(GIVEN INFORMATION)
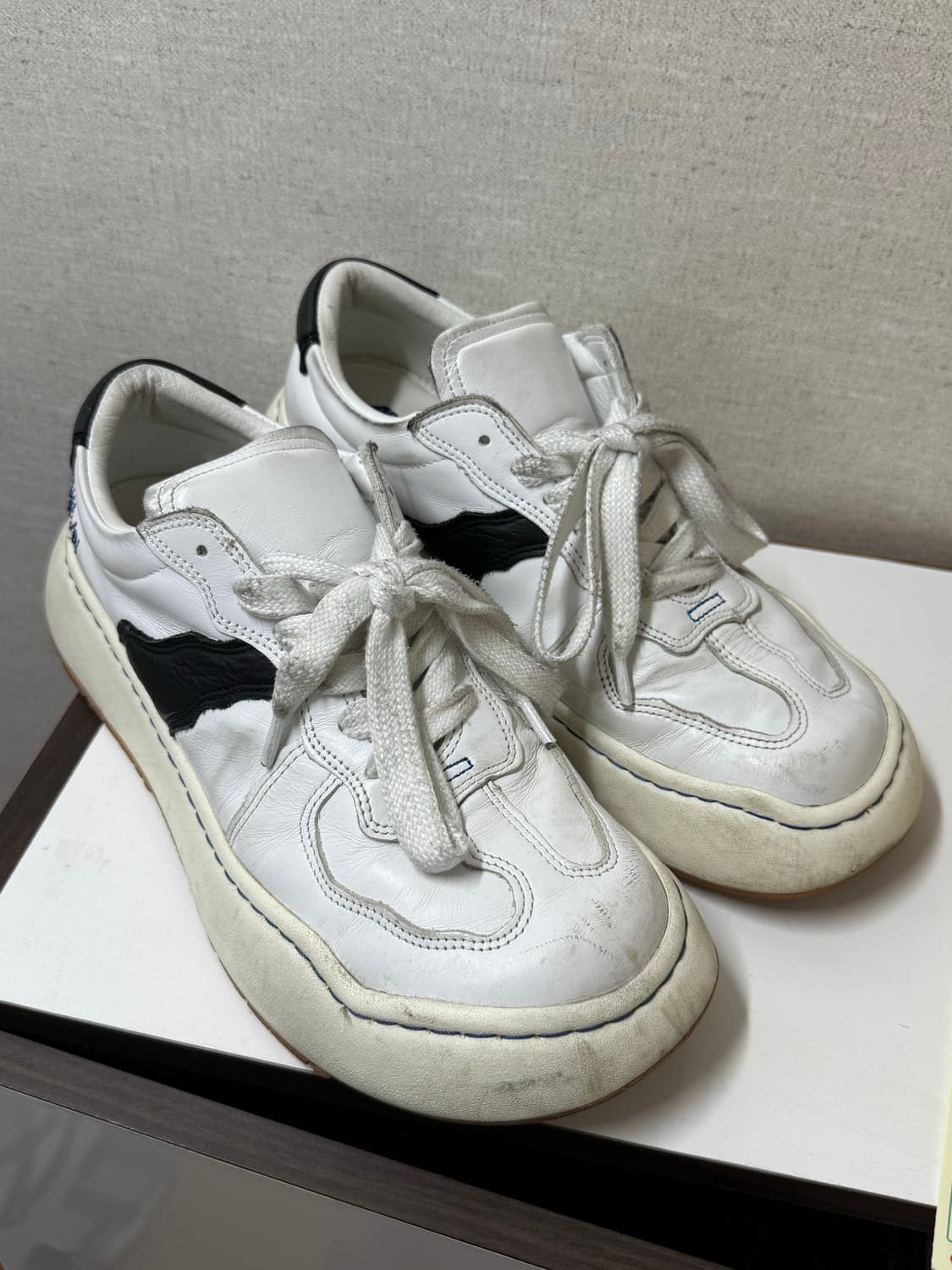 아더에러 로그 바우스 화이트 270사이즈 팝니다 상품이미지1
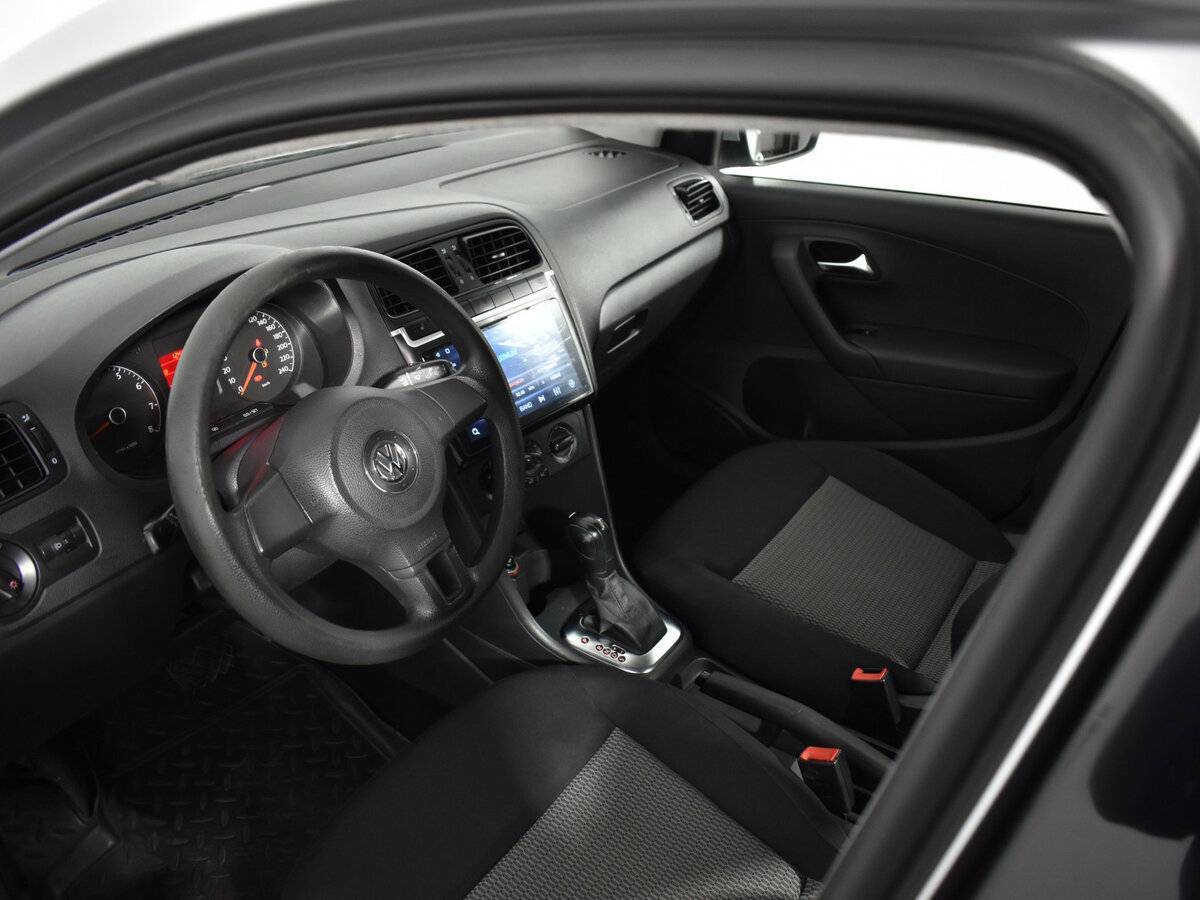 Купить Volkswagen Polo с пробегом. Фото: #8
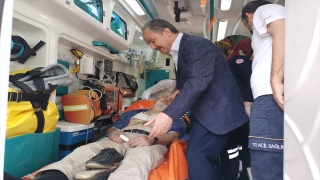 Adıyaman Belediye Başkanı, yolda bayılan vatandaşa müdahale etti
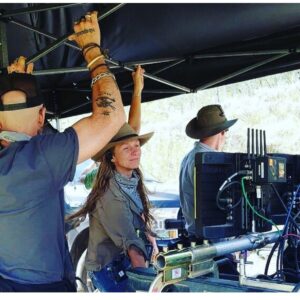 Kelly Reilly Instagram - Behind the camera is a bevy of enormously talented  folks . This is @christinaalexandravoros who directed the next two episodes of @yellowstone starting tonight . Over the past three seasons she has been camera operator , DP and now our director . What a pleasure it was ...thank you sister for your huge talent and sensitivity.🎥🐎🌪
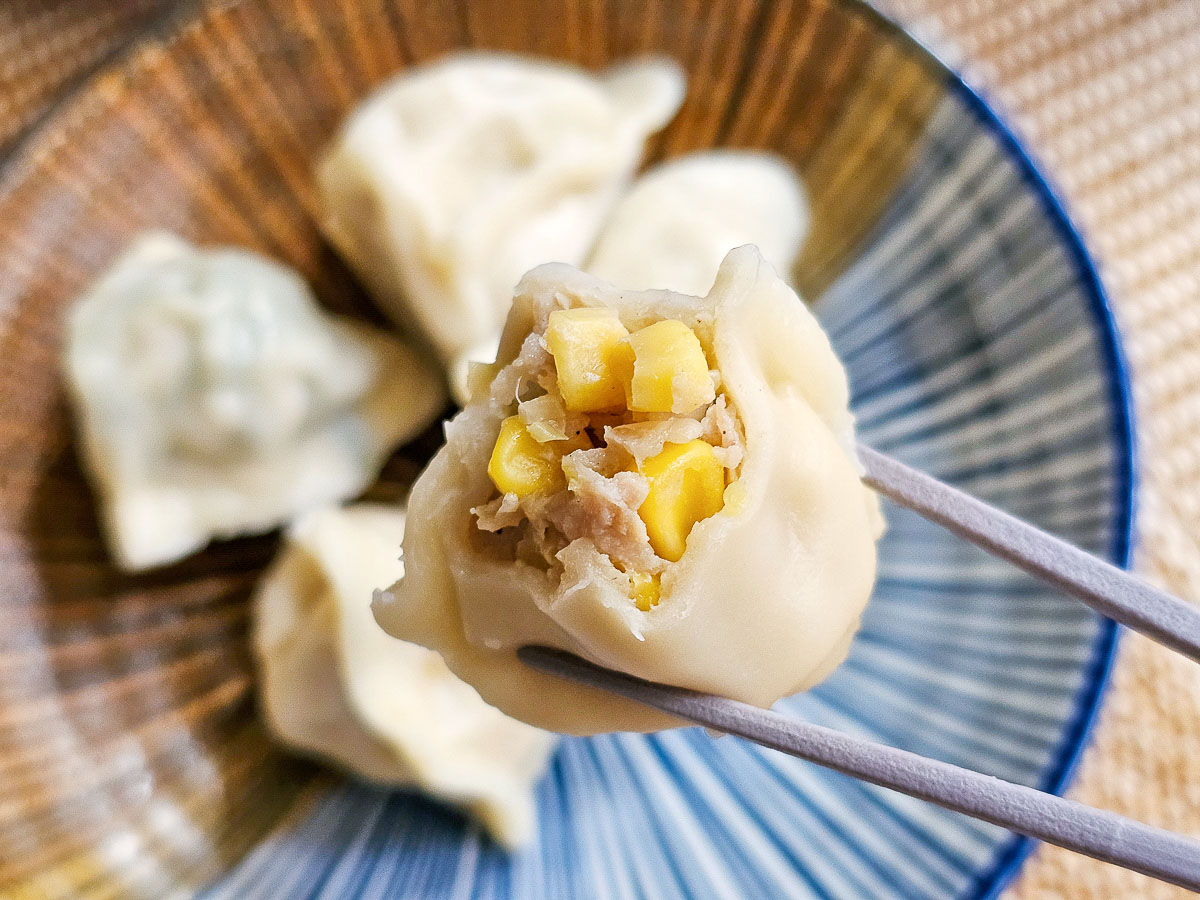 老惦三十|老麵工法手作水餃 黃昏市場排隊傳奇 梨山高麗菜肉水餃、鮮韭菜肉水餃、黃金玉米肉水餃 - 第18張圖 老惦三十|老麵工法手作水餃 黃昏市場排隊傳奇 梨山高麗菜肉水餃、鮮韭菜肉水餃、黃金玉米肉水餃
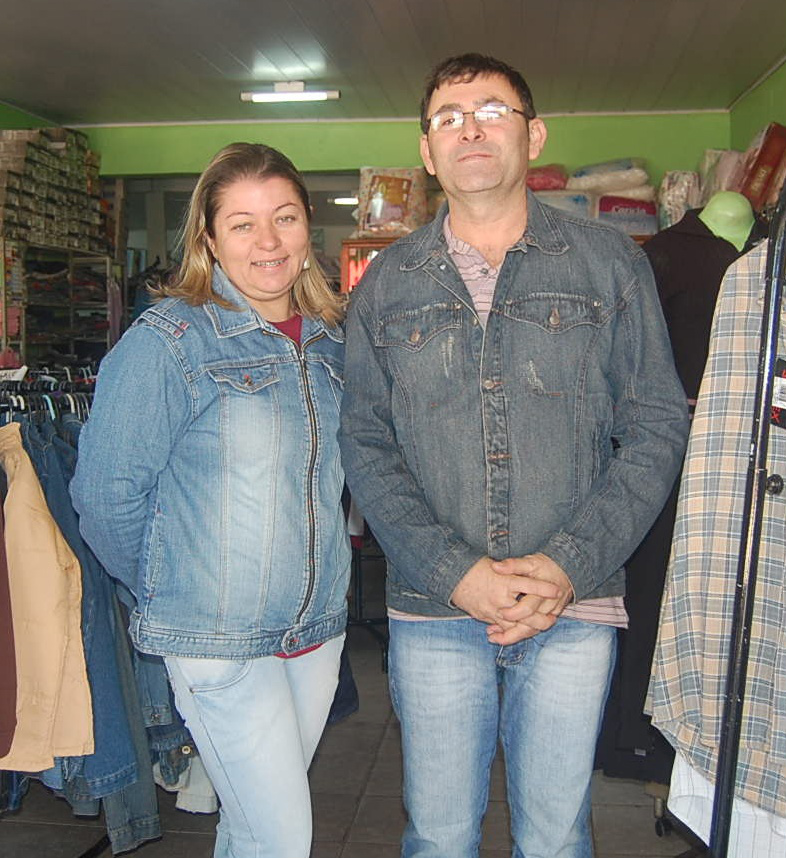 Proprietários da Sabino Confecções.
(End GIVEN INFORMATION)
EXERCISE DESCRIPTION> You need to restate all of the entries above exactly and leave the pictures behind.

SOLVED PROBLEM>
 아더에러 로그 바우스 화이트 270사이즈 팝니다 상품이미지1
 Купить Volkswagen Polo с пробегом. Фото: #8
 Adıyaman Belediye Başkanı, yolda bayılan vatandaşa müdahale etti
 Kelly Reilly Instagram - Behind the camera is a bevy of enormously talented  folks . This is @christinaalexandravoros who directed the next two episodes of @yellowstone starting tonight . Over the past three seasons she has been camera operator , DP and now our director . What a pleasure it was ...thank you sister for your huge talent and sensitivity.🎥🐎🌪
 老惦三十|老麵工法手作水餃 黃昏市場排隊傳奇 梨山高麗菜肉水餃、鮮韭菜肉水餃、黃金玉米肉水餃 - 第18張圖 老惦三十|老麵工法手作水餃 黃昏市場排隊傳奇 梨山高麗菜肉水餃、鮮韭菜肉水餃、黃金玉米肉水餃
 Proprietários da Sabino Confecções.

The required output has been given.